Though the package quickly went into limbo, it must be hoped that Mr. Nitze and Moscow's Yuli Kvitsinsky will resume their efforts no less vigorously when negotiations begin again next week. As President Reagan said at a sudden news conference last Friday, arms control is ''the most important undertaking of our generation'' - and he probably couldn't help noticing various Democratic candidates for 1984 echoing such a conviction in California over the weekend. Yet the President and some of his civilian advisers are reported to see arms control more as a public relations objective than what the Pentagon's generals consider it to be: an advantage or even necessity for national security.
It is hard to imagine Mr. Nitze, from all his concern with strong defense, pursuing a proper arms control agreement for PR purposes. US security has been his aim. Evidently he saw how it could be fostered through an exploratory package on which he and his Soviet opposite number in Geneva could agree.

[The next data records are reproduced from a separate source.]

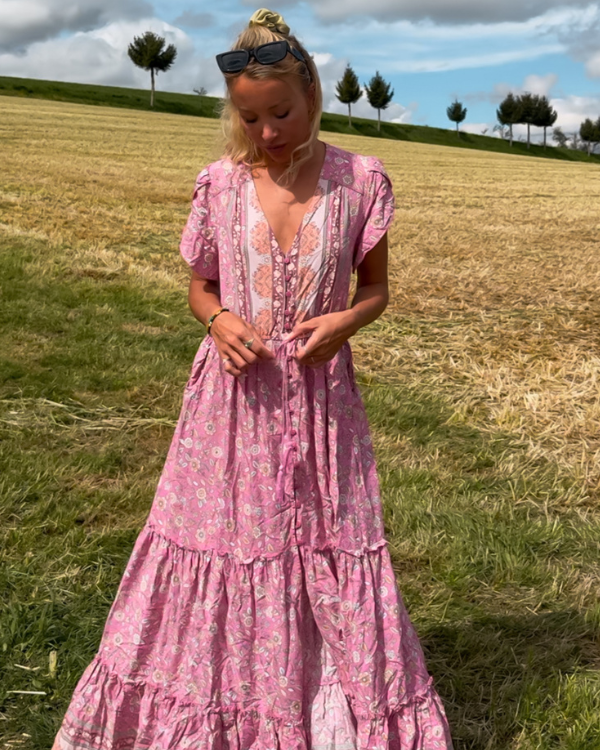 Frau trägt luftiges Maxikleid mit Blumenprint auf Wiese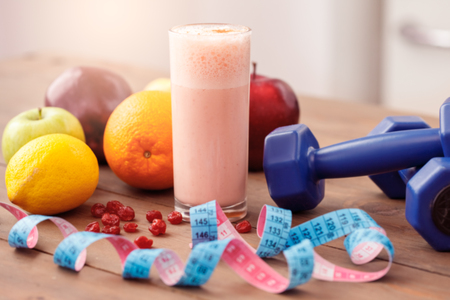 Fruit smoothie dumbbells and tape measure isolated on table healthy lifestyle close-upの写真素材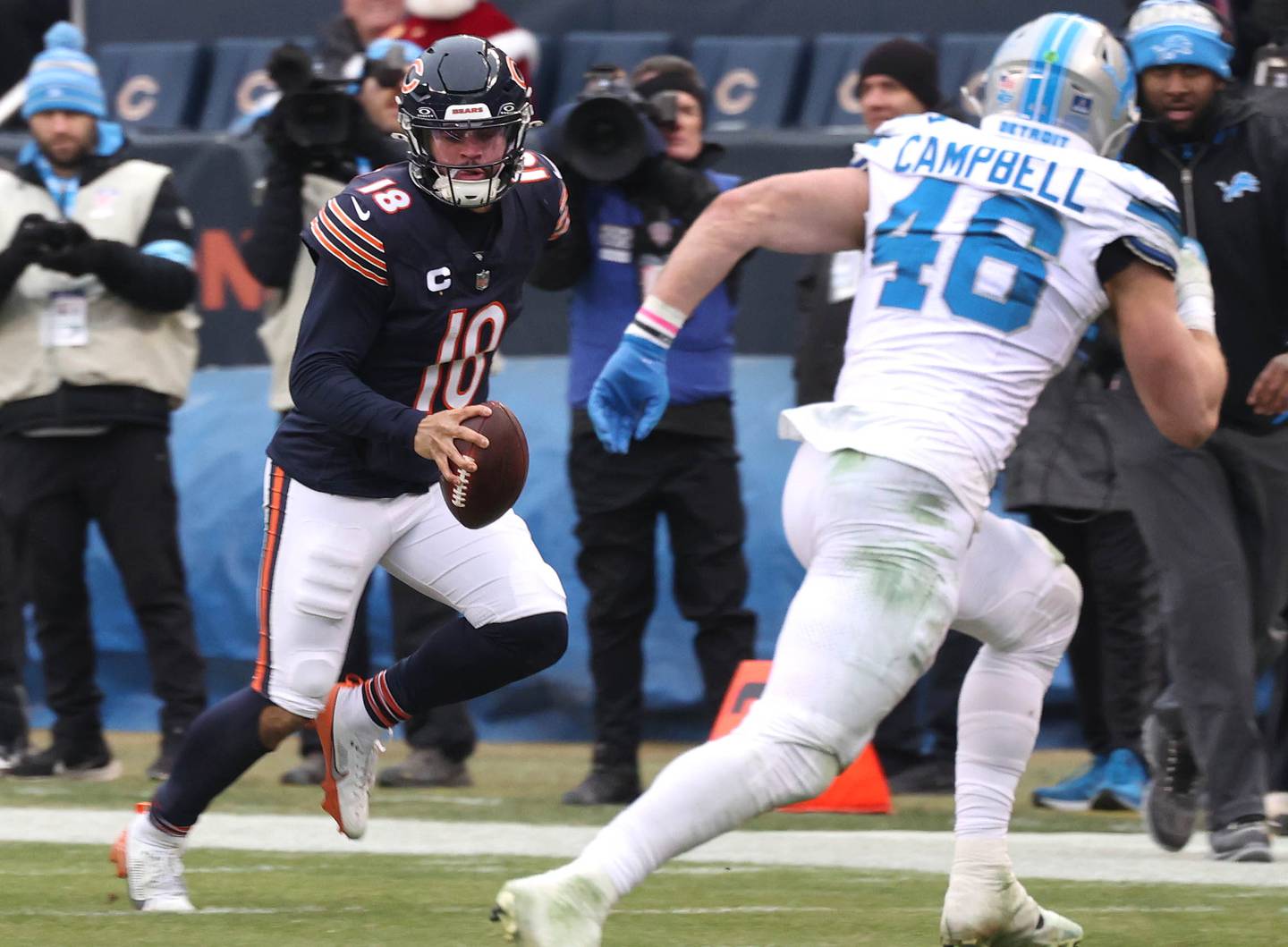 Chicago Bears quarterback Caleb Williams scrambles for yardage as Detroit Lions linebacker Jack Campbell looks to make the tackle during their game Sunday, Dec. 22, 2024, at Soldier Field in Chicago.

After that, both bargainers saw their superiors in White House and Kremlin throw cold water on their efforts. Outright rejection on Moscow's part may support the view that the package remained favorable to the US, even though it stepped back from President Reagan's zero-option proposal. (Zero option calls on Moscow to eliminate all missiles targeted on Europe in return for Washington's refraining from the deployment of new missiles in Europe scheduled to start this year.) The Nitze-Kvitsinsky package is believed to have included a reduction in Soviet SS-20s to a level to be matched by US weapons, with the US actually having more warheads. It also omitted French and British missiles from the limitation calculations, though Moscow has sought their inclusion.
That a Soviet negotiator was willing to take such a package home suggests that it was not wholly out of the question for further discussion. Washington placed itself in a better position than Moscow by being willing to use the package in negotiations under certain conditions, even though some administration figures did not like it.
Mr. Reagan can prove what he said Friday, that his arms control operation is not in disarray, by giving every encouragement for progress not only to Mr. Nitze but to General Rowny in the START talks. The goal cannot be more advantage for one side than the other but rather a fair deal bolstering the peace and stability that enhance security for all.